→ **Exercise**
Your job is to give again, exactly and with no additions, the lines in the records below from the one with "structure, CAS 1574307-25-7" through the one with "T1473641 Ceramic Candle", both included. Omit the pictures.

→ **Data to process**

---

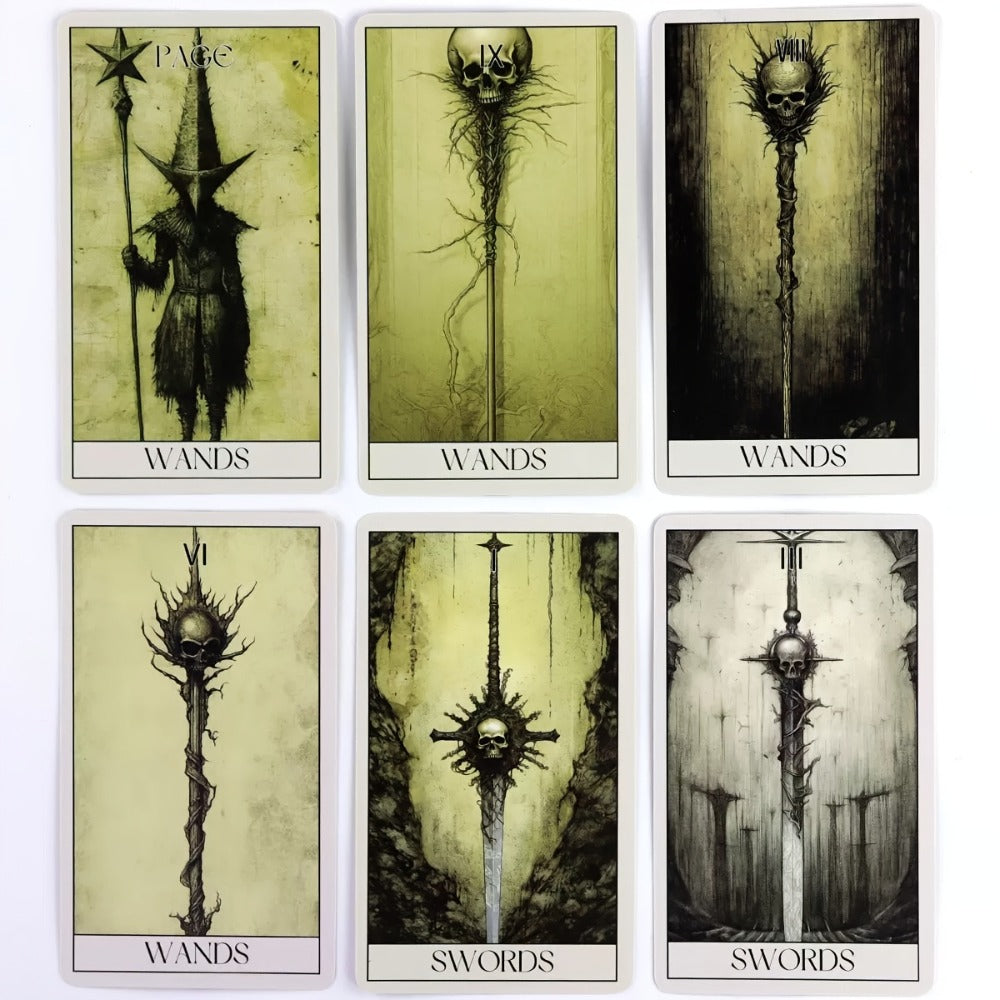 Horror Tarot Cards Deck – Mystical Dark Tarot Card Set for Divination, Power Exploration & Intuition Reading | Gothic Board Game Accessory Halloween Christmas Birthday Gift for Adults & Teens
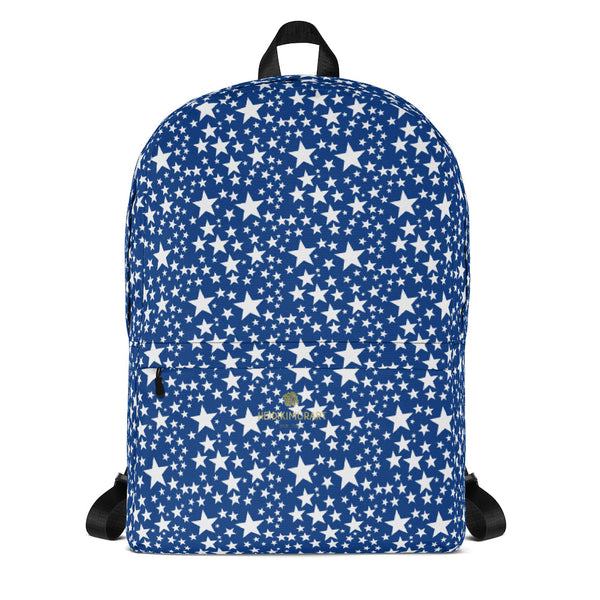 Blue White Star Pattern Print Designer Laptop For School Backpack Bag- Made in USA/EU-Backpack-Heidi Kimura Art LLC Blue White Backpack, Blue White Stars Pattern Print Designer Medium Size (Fits 15" Laptop) Water Resistant College Unisex Backpack Bag for Travel/ School/ Work - Made in USA/ Europe, White School Backpack, Laptop Backpack, Backpacks For School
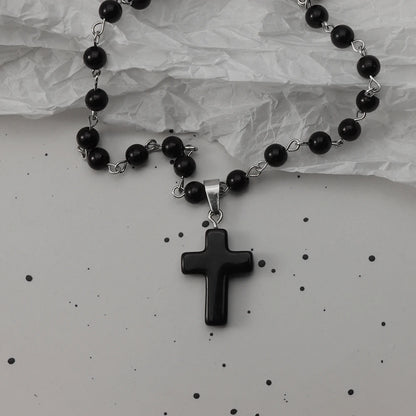 Gothic Bat Cross Necklace Set - Y2K Thorn Love Black Beaded Layered Jewelry for Halloween Parties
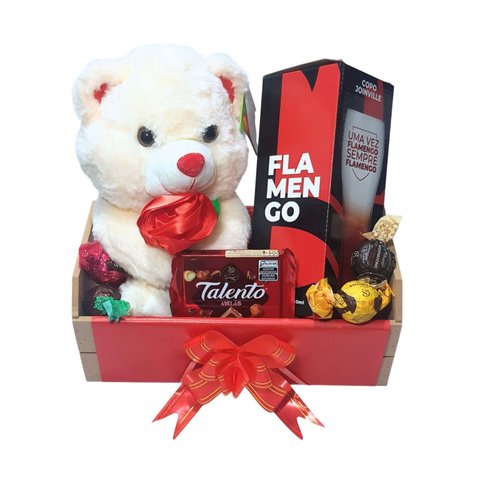 Cesta Presente Flamengo Urso, Copo Chopp, Chocolates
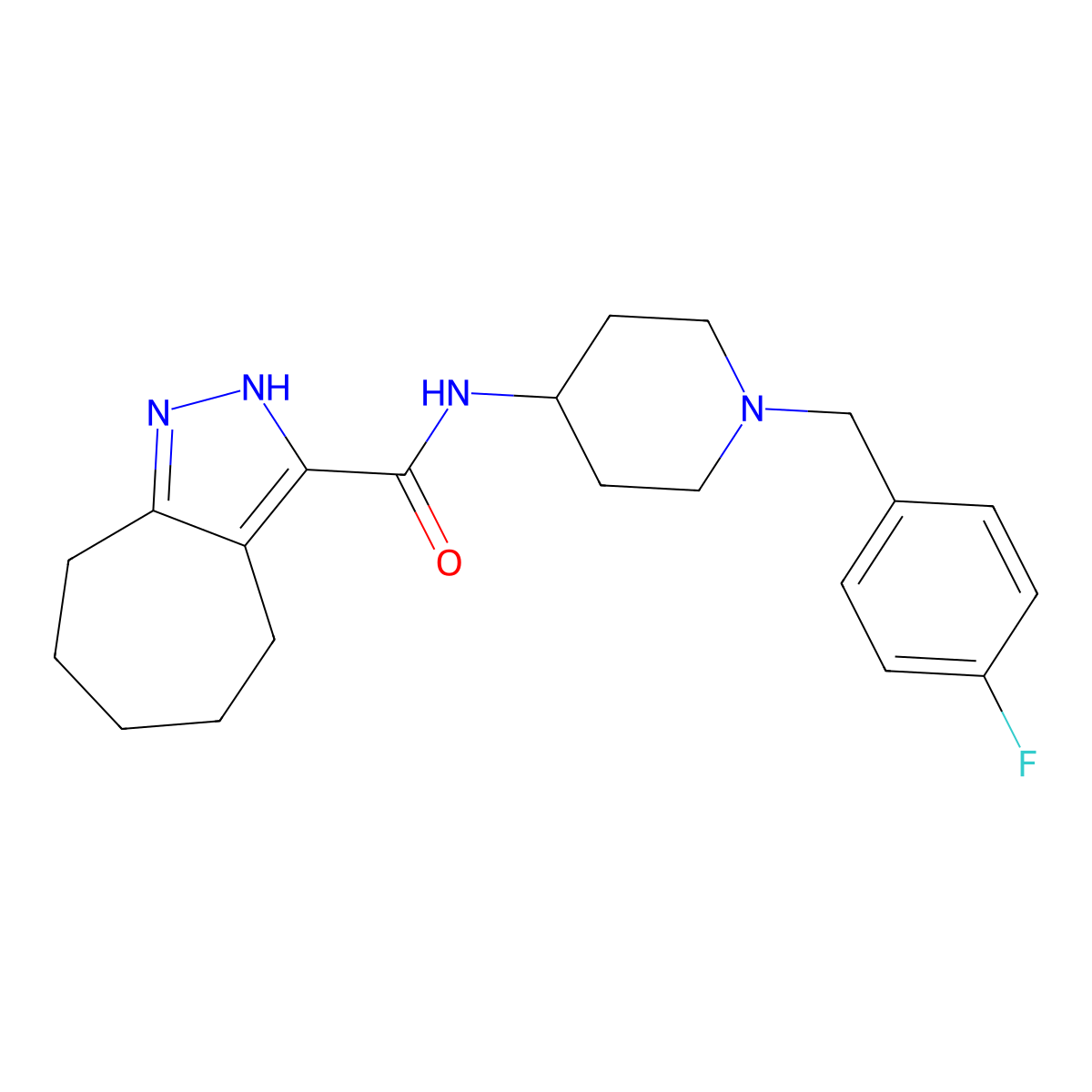 N-[1-(4-fluorobenzyl)piperidin-4-yl]-2,4,5,6,7,8-hexahydrocyclohepta[c]pyrazole-3-carboxamide molecular structure, CAS 1574307-25-7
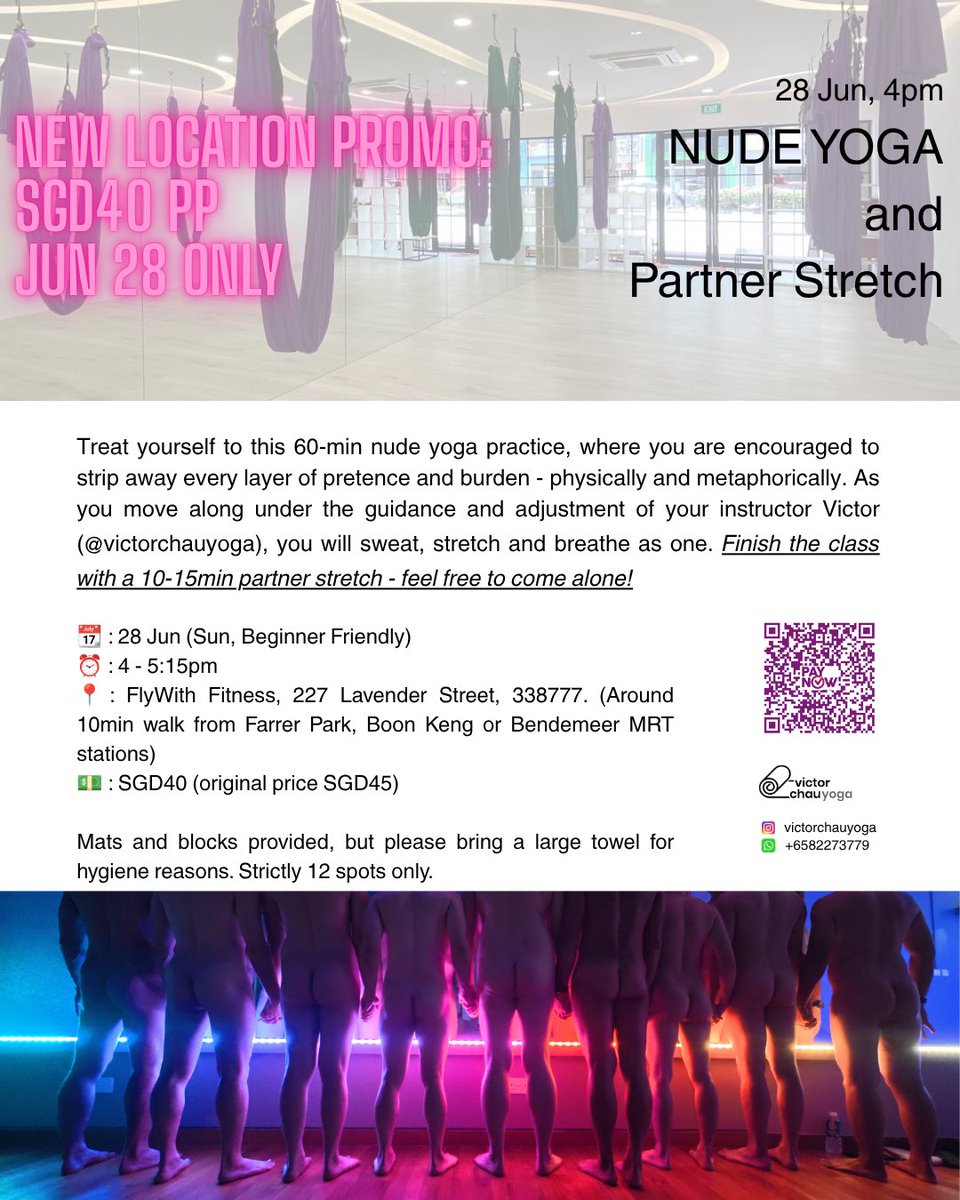 vvickedsupyoga's tweet photo. Good morning!
Nude Yoga and Partner Stretch
Beginners friendly. Traditional yoga poses + super comfy partner stretches. Come alone or with a friend.
Date: Jun 28
Time: 4-5:15pm
#yoga #flexibility #yogapose #nudeyoga #nakedyoga #nudity #partneryoga https://t.co/o1ma2lxPwf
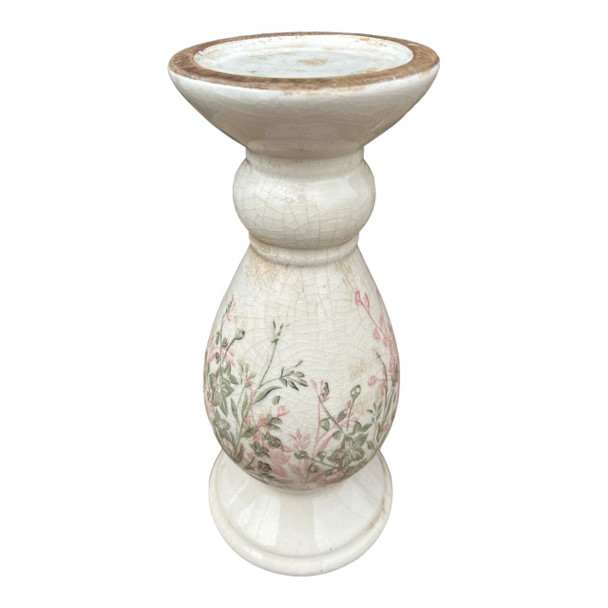 T1473641 Ceramic Candle Holder - Pink And Green Floral Silhouettes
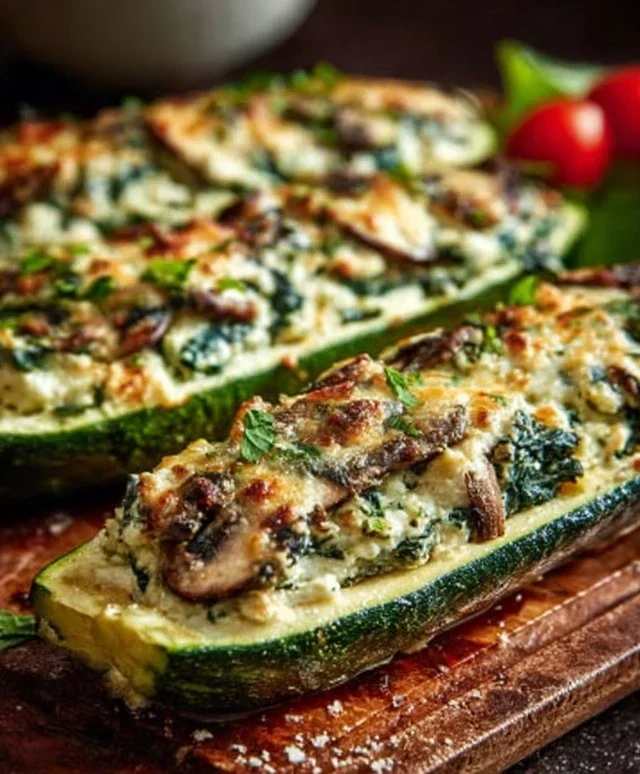 Spinach, Mushroom, and Ricotta Stuffed Zucchini Boats Recipe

---

→ **Response for this exercise**
 N-[1-(4-fluorobenzyl)piperidin-4-yl]-2,4,5,6,7,8-hexahydrocyclohepta[c]pyrazole-3-carboxamide molecular structure, CAS 1574307-25-7
 vvickedsupyoga's tweet photo. Good morning!
Nude Yoga and Partner Stretch
Beginners friendly. Traditional yoga poses + super comfy partner stretches. Come alone or with a friend.
Date: Jun 28
Time: 4-5:15pm
#yoga #flexibility #yogapose #nudeyoga #nakedyoga #nudity #partneryoga https://t.co/o1ma2lxPwf
 T1473641 Ceramic Candle Holder - Pink And Green Floral Silhouettes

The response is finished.